◆ PROMPT: In the records below, the lines between the one holding "Apple Newton eMate" and the one holding "Photo '13' of Toyota Aqua", inclusive, are to be transcribed exactly; no pictures are to be included.

◆ SUPPLIED MATERIAL:
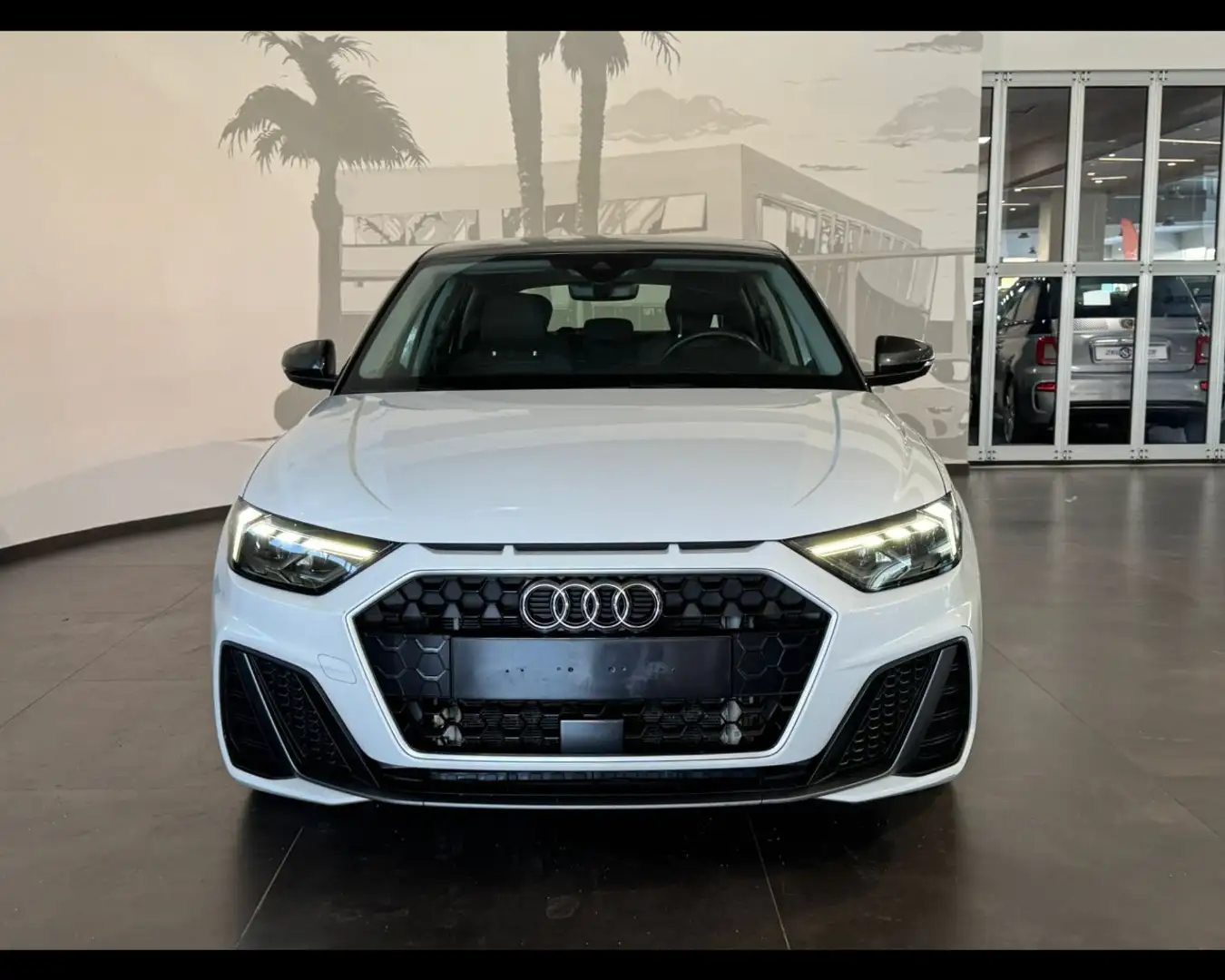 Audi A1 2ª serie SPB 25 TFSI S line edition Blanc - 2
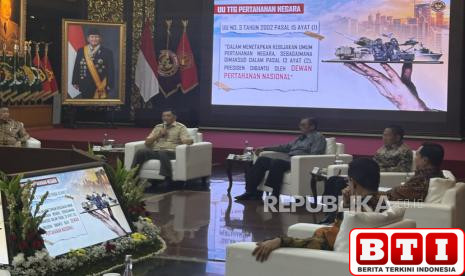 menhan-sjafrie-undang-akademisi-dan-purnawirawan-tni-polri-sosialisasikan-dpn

---

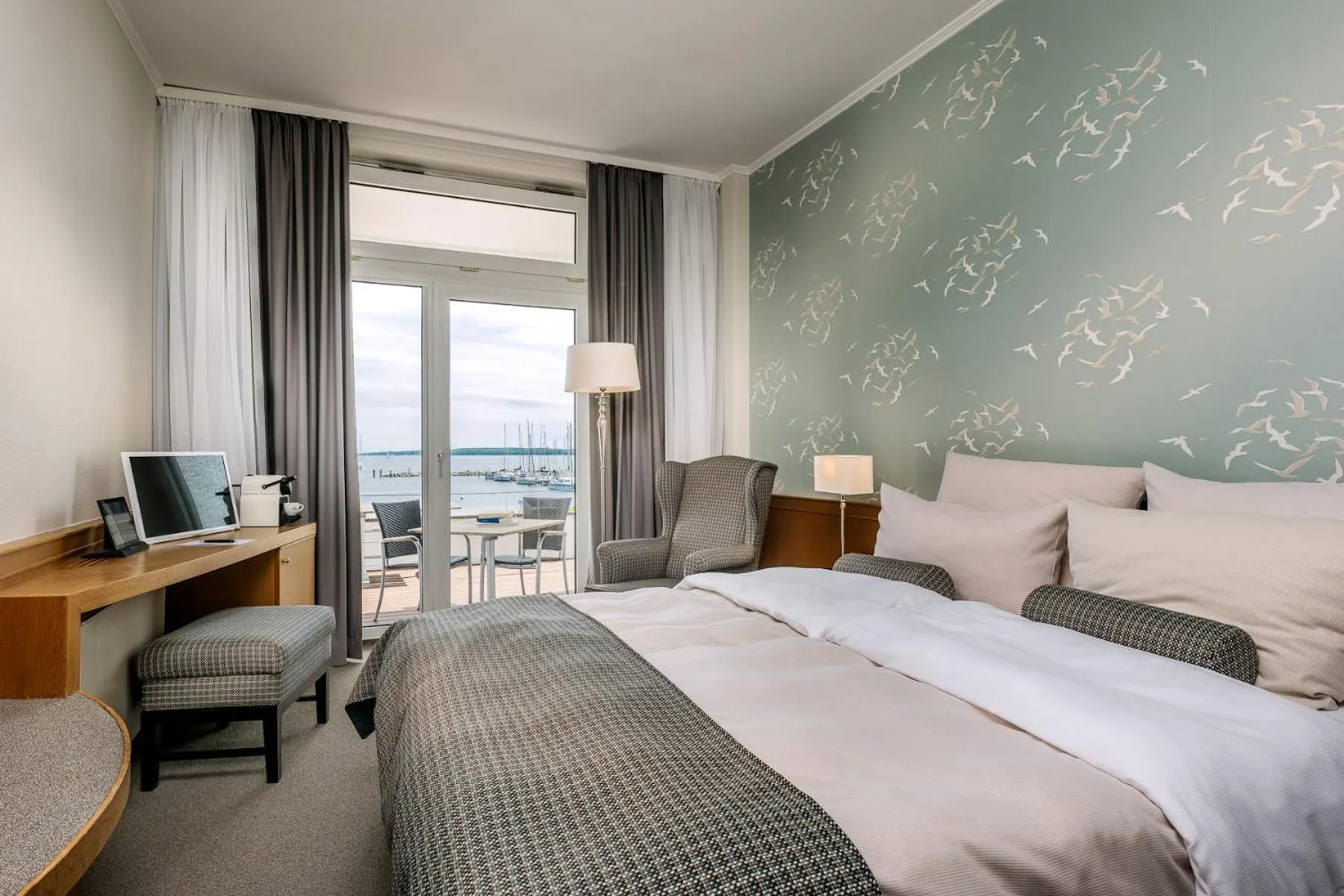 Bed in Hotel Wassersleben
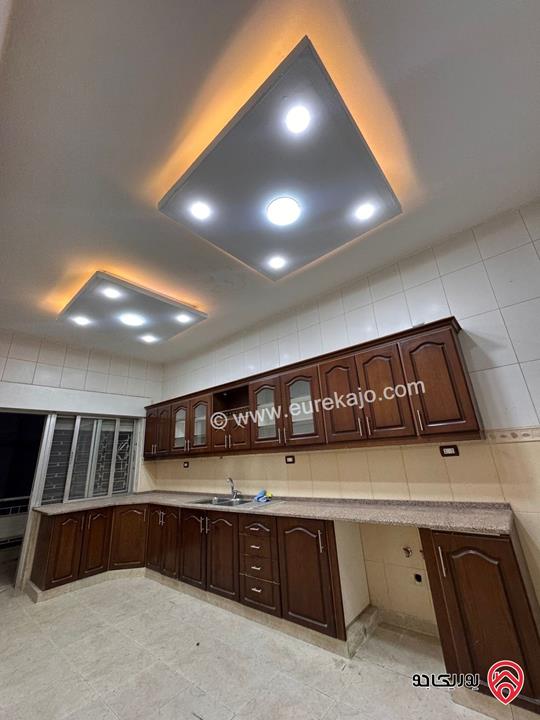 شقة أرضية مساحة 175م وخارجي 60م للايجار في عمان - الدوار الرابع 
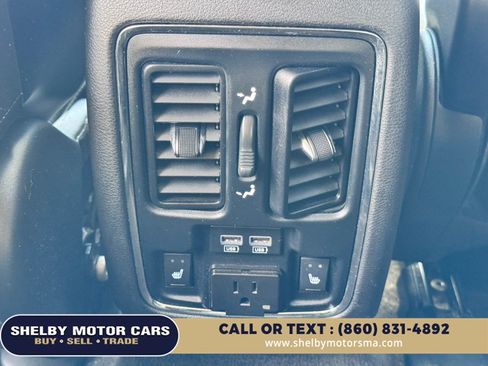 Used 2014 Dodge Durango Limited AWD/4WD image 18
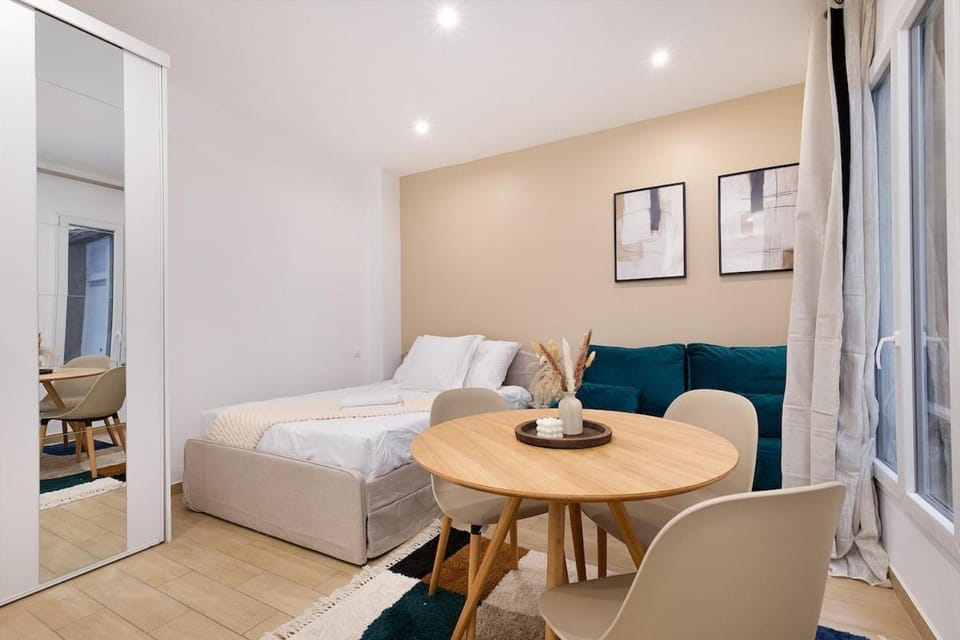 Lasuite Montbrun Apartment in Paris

...

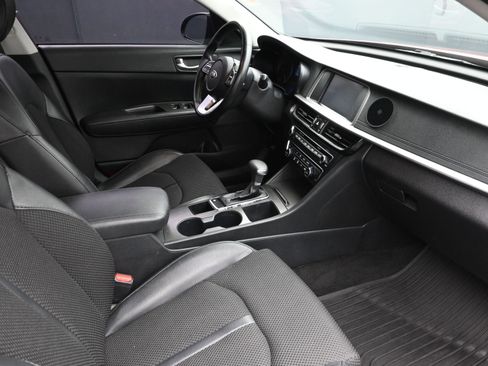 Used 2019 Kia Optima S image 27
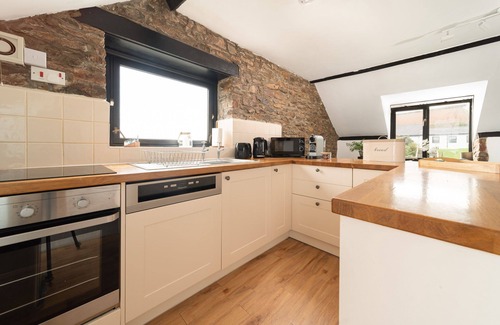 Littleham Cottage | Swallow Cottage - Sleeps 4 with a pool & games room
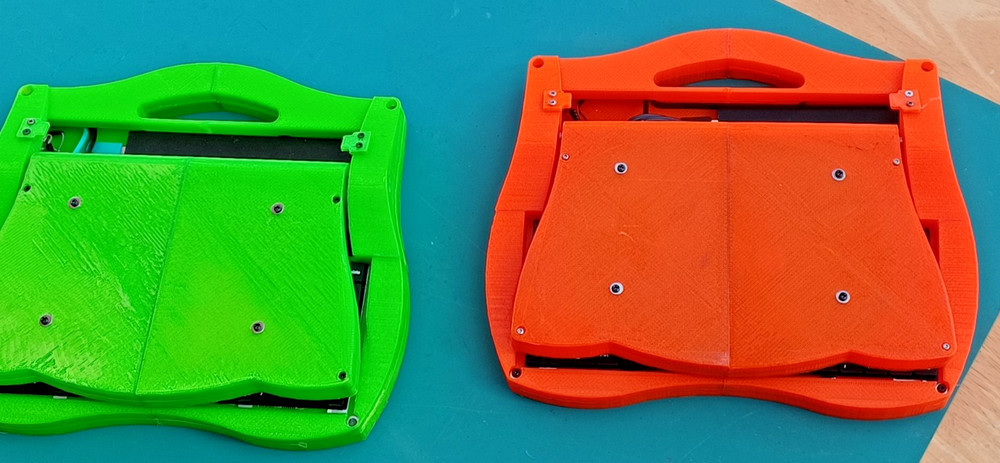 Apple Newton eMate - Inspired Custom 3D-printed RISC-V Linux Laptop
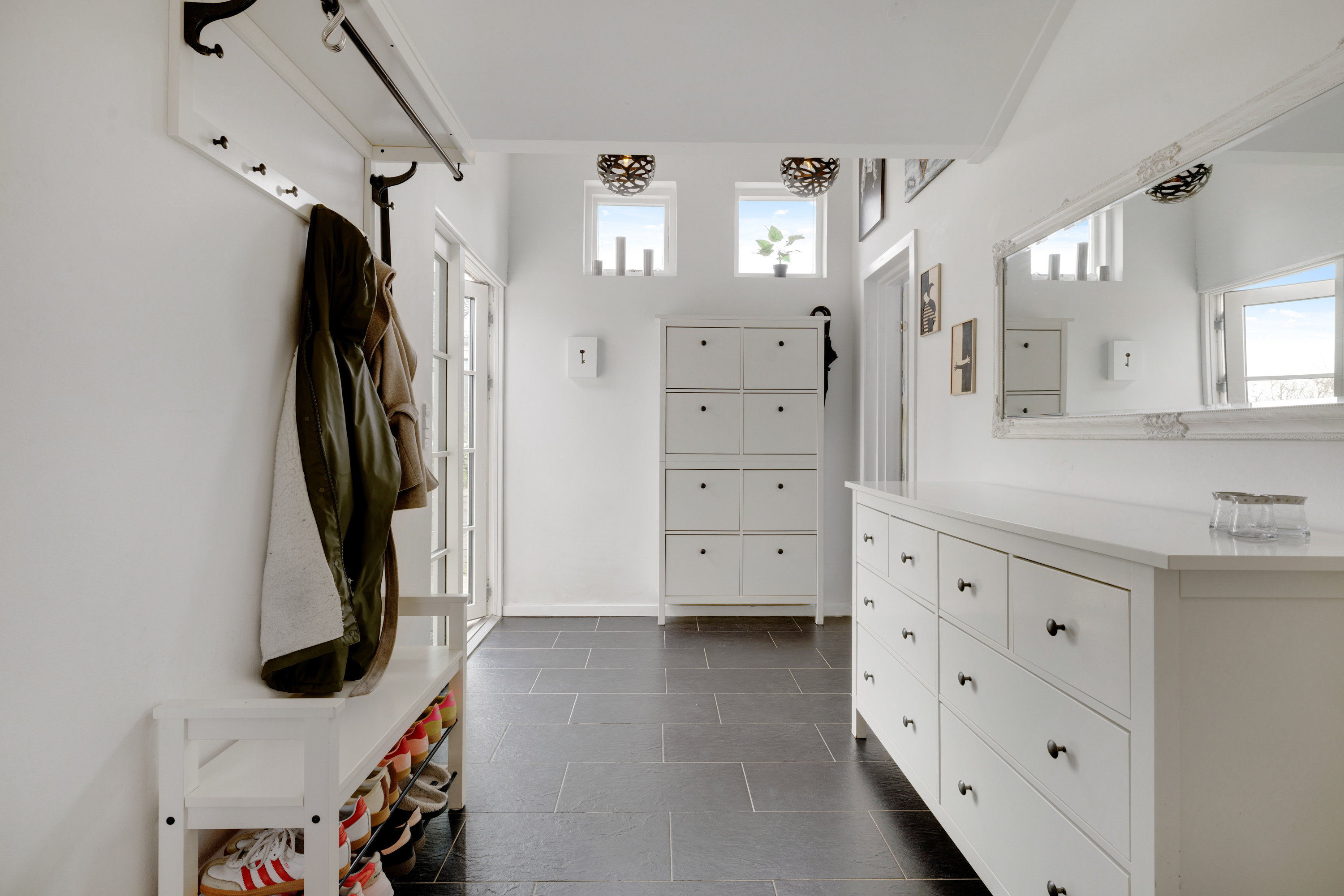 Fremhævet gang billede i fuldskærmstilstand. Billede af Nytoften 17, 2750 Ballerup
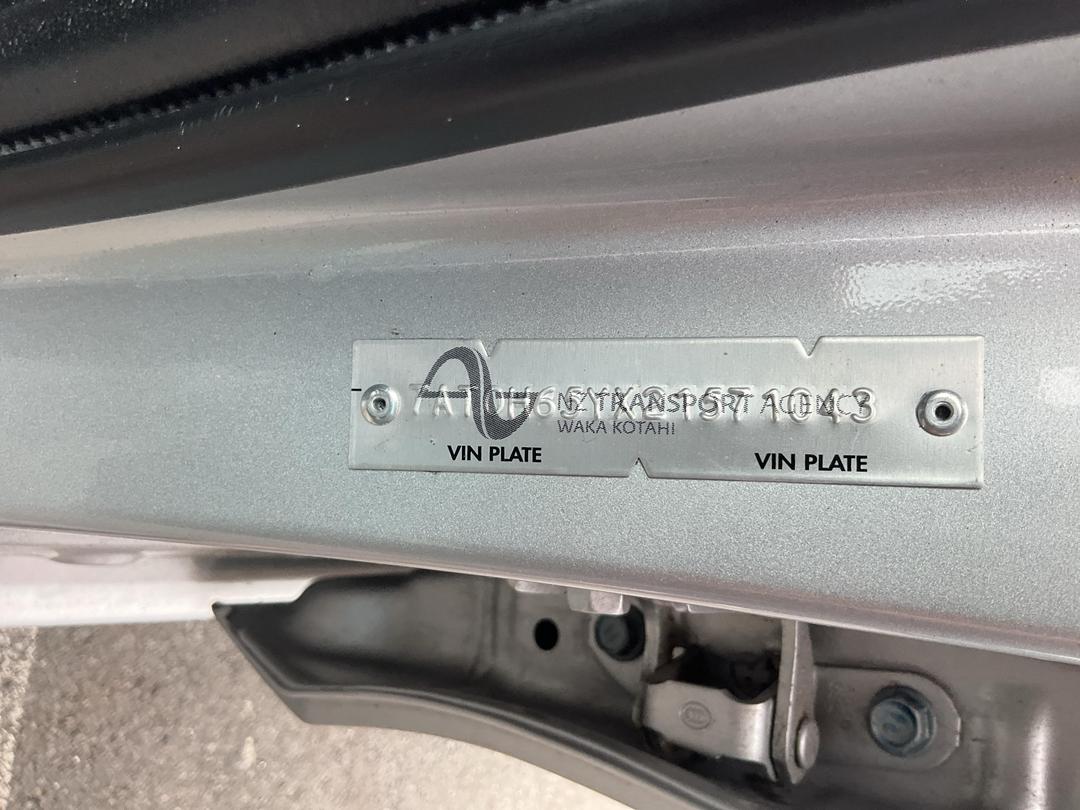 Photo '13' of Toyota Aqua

◆ RESULT FOR THIS EXERCISE:
 Apple Newton eMate - Inspired Custom 3D-printed RISC-V Linux Laptop
 Fremhævet gang billede i fuldskærmstilstand. Billede af Nytoften 17, 2750 Ballerup
 Photo '13' of Toyota Aqua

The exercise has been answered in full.